By Jeff Hamilton, CFA, Vice President of Member Credit  


Comprehensive due diligence on the loan originator, seller and servicer is an essential ingredient for success in any loan participation purchase. 

In most loan participation transactions, the originator, seller and servicer roles generally belong to the same credit union. 


Loan Participation Seller Due Diligence

 

The nature of the transaction, such as the characteristics of the loan(s) in the participation, borrower credit rating and lender experience, will drive the focus of the analysis. Look at these key items when collecting due diligence on each component of a loan participation offering:  

1. Originator

In reviewing the credit union as the loan originator, a participant will want to learn how the credit union conducts its lending activity and what its risk tolerance is. Evaluating the following will provide a good understanding of the lending origination process:

  • Loan policies and procedures
  • Underwriting guidelines
  • Exception policy and approval requirements
  • With knowledge of the origination process and parameters in hand, the next step is to review the loan files to ensure they were originated in accordance with credit union guidelines.

2. Seller

A review of the credit union as the seller should give the participant confidence in the institution’s financial stability. Several documents will provide this information:

  • Current audited financial statements
  • Interim financial statements (if audited are not available)
  • NCUA 5300 Call Reports
  • Financial performance reports

3. Servicer

The most important review is probably of the credit union as servicer. It’s important because the buyer/participant will be dealing with the selling credit union in this capacity for remainder of the life of the participation. The buyer/participant must be comfortable with how the credit union handles the payments and collections for the loans. For this role, it is critical to review the following for insights into how the credit union handles the loans:

  • Servicing policies and guidelines
  • Modification policies, procedures and approvals
  • Collection procedures
  • Loan program credit performance history

Loan participation portfolios are typically serviced by the seller but occasionally by third-party loan originators or servicers. In these instances, buyers will need to ensure the seller’s guidelines and procedures establish how the servicer will administer the loans.
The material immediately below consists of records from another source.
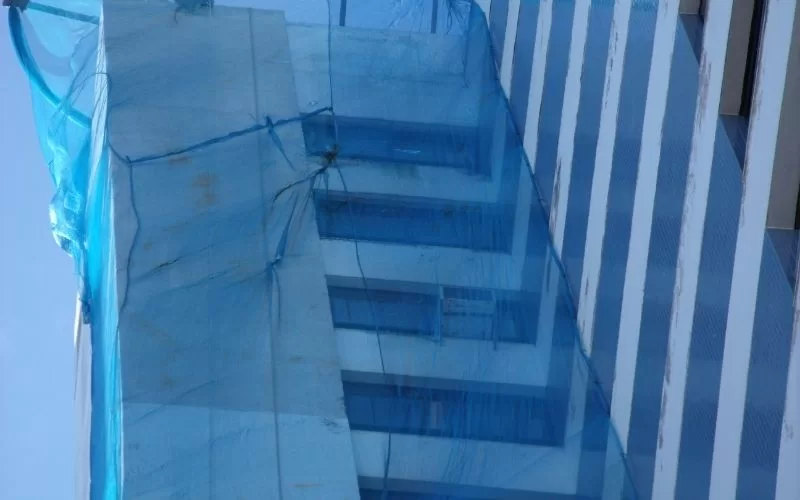 Prédio envolto em rede de proteção azul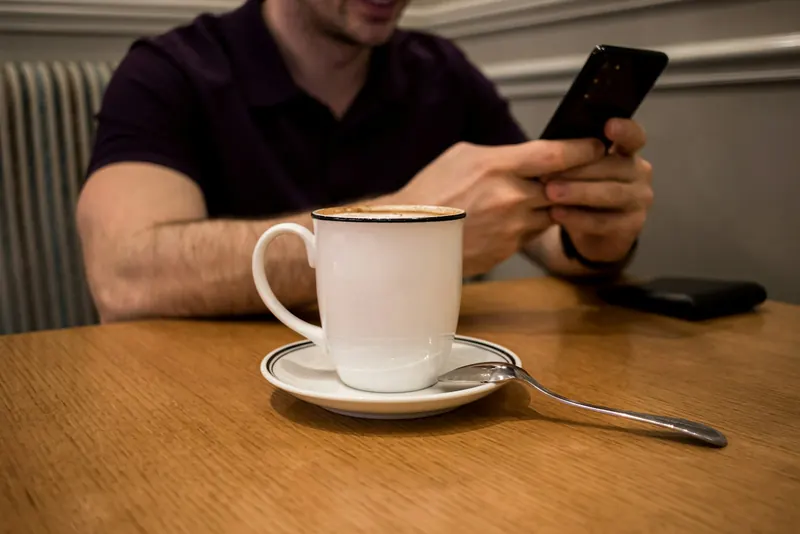 Un hombre lee en el celular, sentado a una mesa con una taza de café.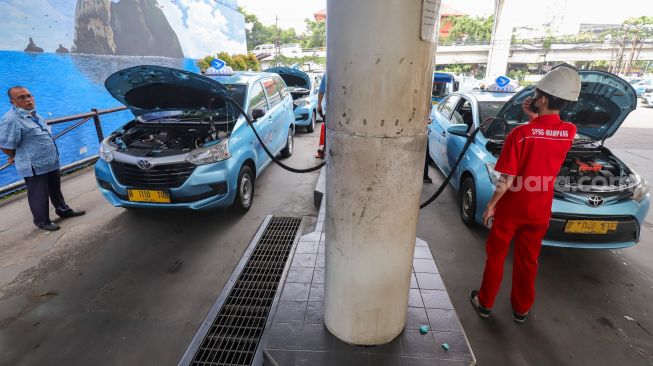 Petugas melakukan pengisian Bahan Bakar Gas (BBG) di Stasiun Pengisian Bahan Bakar Gas (SPBG) Mampang, Jakarta Selatan, Jumat (13/5/2022). [Suara.com/Alfian Winanto]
Some loan participation programs, like the Loan Participation Exchange (LPX) from Catalyst Corporate, may provide all the above items as a part of their due diligence packages.

The loan participation agreement signed by buyers and sellers defines the terms of the transaction and the roles and responsibilities of the parties. The agreement customarily delegates servicing responsibilities to the seller, outlining their obligations and responsibilities. Typically, language is included that states the seller will service the loans in each portfolio with the same standard of care the seller would employ in servicing similar loans for its own account. Finally, the agreement should also address circumstances and conditions under which participants may replace the servicer and any other matters involving the ongoing administration of the loan(s).

With sound due diligence, loan participations can serve as a viable opportunity for buyers to purchase attractive earning assets and for sellers to manage their balance sheet.